House made of money in hand
(写真=PIXTA)

アベノミクスによる景気回復期待、金融緩和がもたらした低金利、不動産市況の回復、税制改正による実質的な相続増税……「不動産投資ブーム」はこうした要因を背景に訪れた。恩恵を受けたハウスメーカーやマンション販売業者は軒並み好決算を発表している。

ブームに乗って不動産投資を考え始めた人も多いかもしれないが、忘れてはいけないのが資金である。多くの人は不動産投資ローンを利用することになるのだが、それについ情報は意外と少ない。

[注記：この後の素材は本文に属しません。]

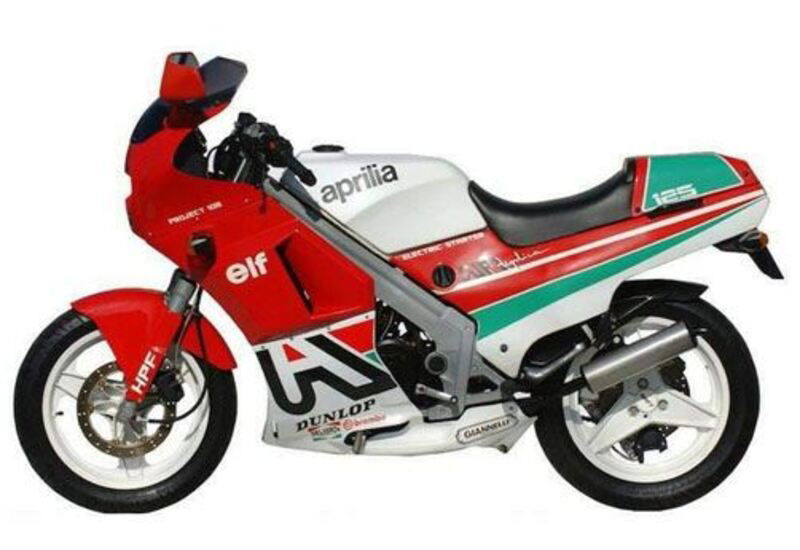 Aprilia AF1 125 AF1 125 a.e. (1988 - 90)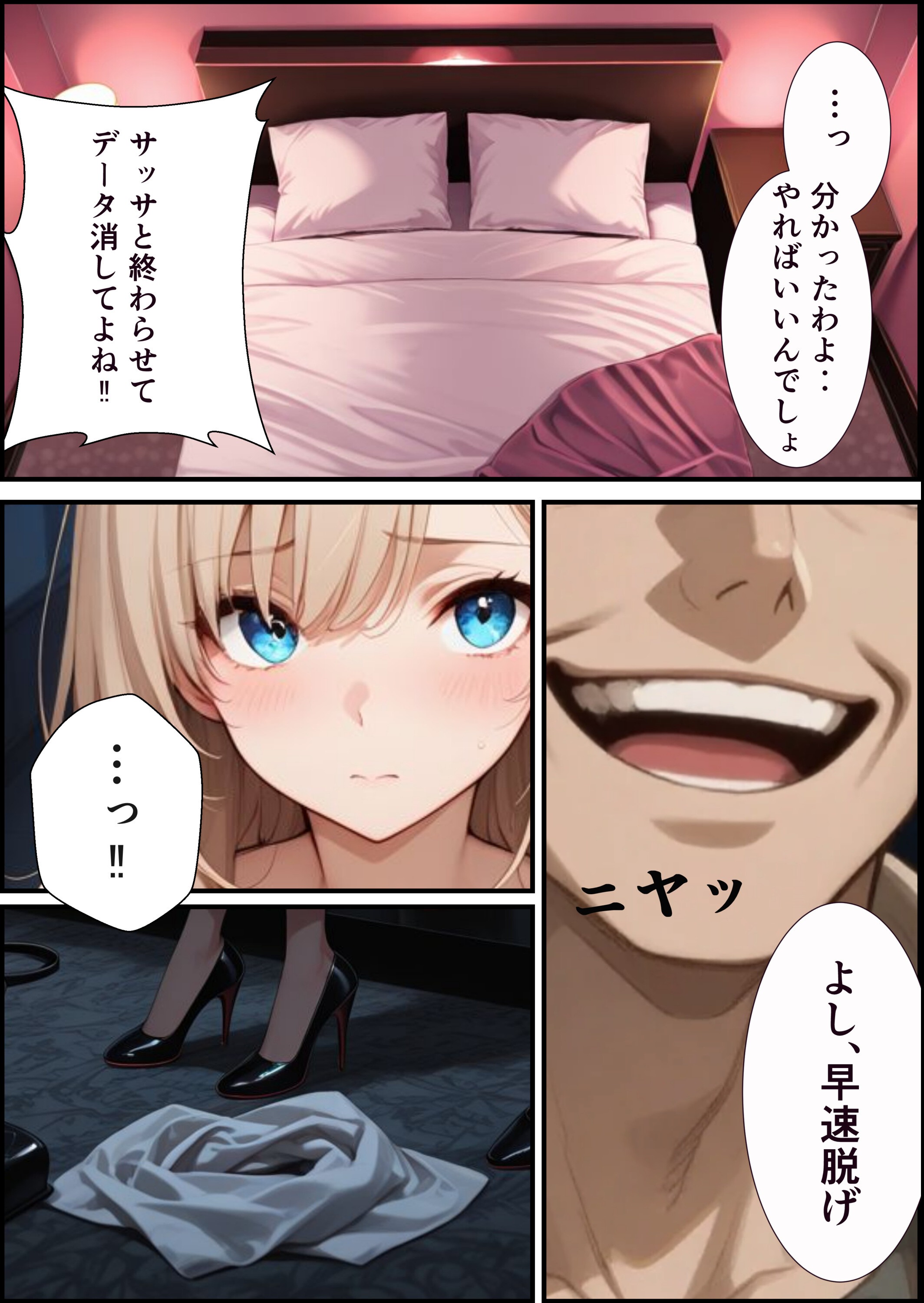 試し読み 7ページ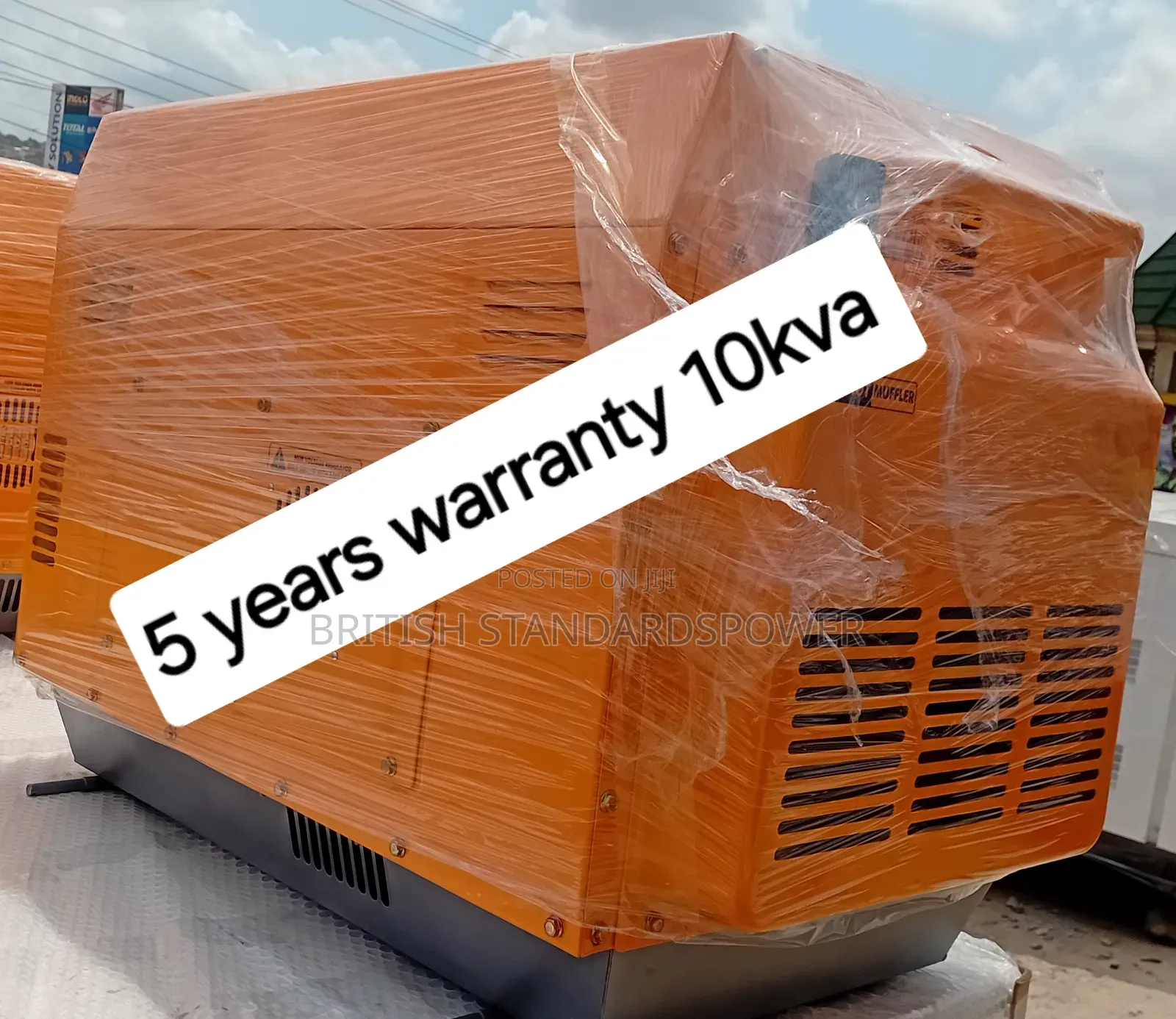 10kva Silent Diesel Generator for Continuous Power Supply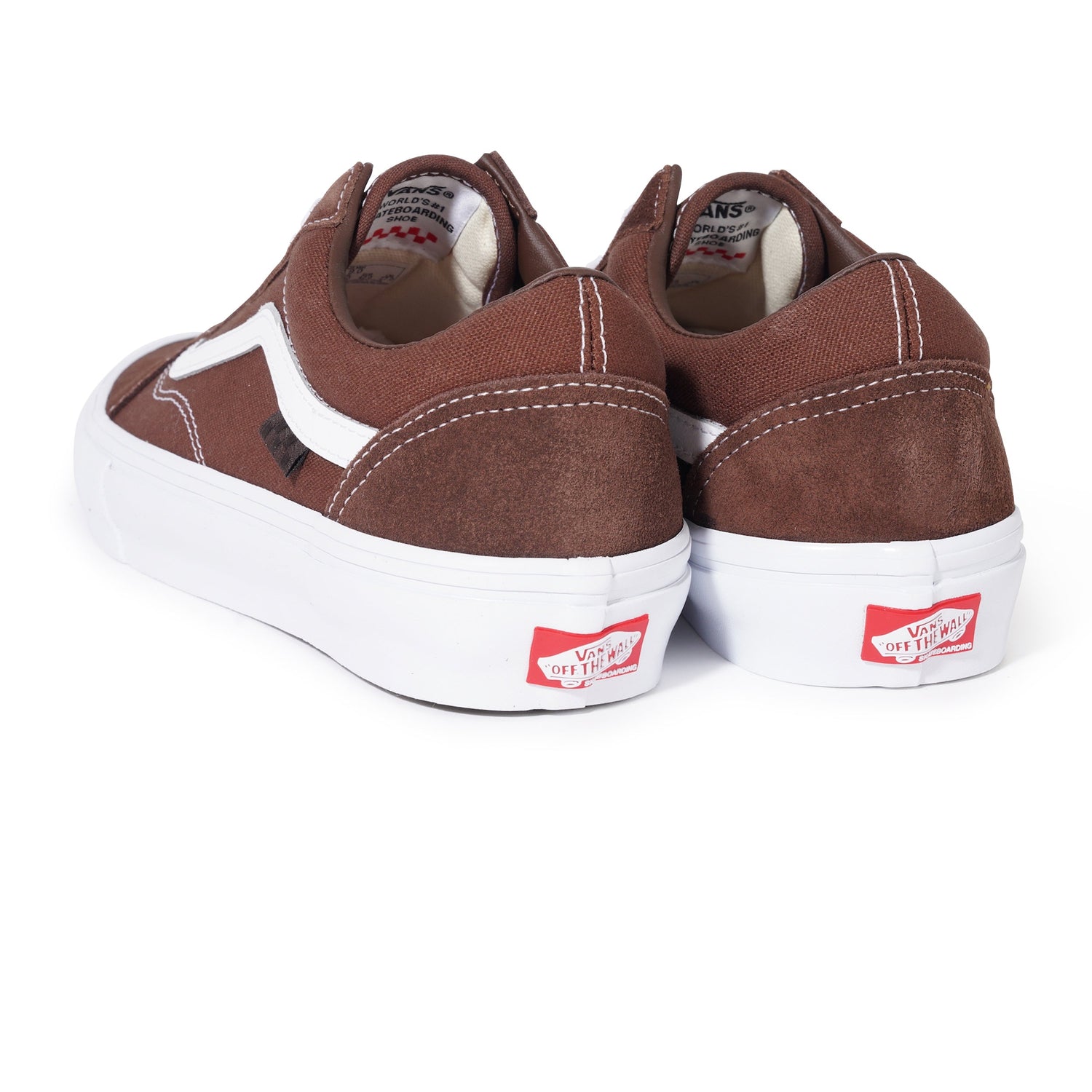 Skate Old Skool Nick Michel, Brown / White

住宅ローンとの違いや審査基準など、これから不動産投資を考える人向けに解説していこう。

セールスマンに任せるときの注意点

不動産投資を行うにあたりどこで資金調達を行うべきか。もっとも簡単に不動産投資を始める方法は、ワンルームマンションの販売業者のセールスマンに全てを任せてしまうことだ。セールスマンから言われるままに書類を整えれば金融機関の選定から面倒な手続きまですべて引き受けてくれるだろう。

この場合、多くのケースでは販売業者が提携しているノンバンクの不動産投資ローンを利用することになる。確かにお手軽ではあるが問題点もある。コストだ。ローン取扱手数料や、保証料、そしてローン自体の金利も決して安くはないだろう。

不動産投資においてコストは投資利回りを大きく左右する。賢い投資家なら当然、ローンに関わるコストを少しでも安くしたいと考える。取引のある金融機関に相談し、自分自身で金利の安い金融機関を調べるだろう。そしてできるだけ安い手数料と金利で資金調達したいと考える。投資家なら必ずと言って良いほど、「住宅ローンと同じ条件で借りられると良いのに」と思うはずだ。

不動産投資ローンと住宅ローンは似ているようだが明確な違いがある。双方とも不動産を対象としながらも、住宅ローンは圧倒的に有利な条件で資金調達が可能なのだ。住宅ローンは不動産投資ローンよりも金利が安いのはもちろんのこと、団体信用生命保険の保険料も金融機関が負担することになっている。

不動産投資ローンと住宅ローンの違い。その答えは不動産を取得する目的だ。住宅ローンは取得した不動産に自らが住むことを前提としている。一方、不動産投資ローンは取得した不動産を賃貸することを目的としている。両者の違いは全てこの点に帰することになる。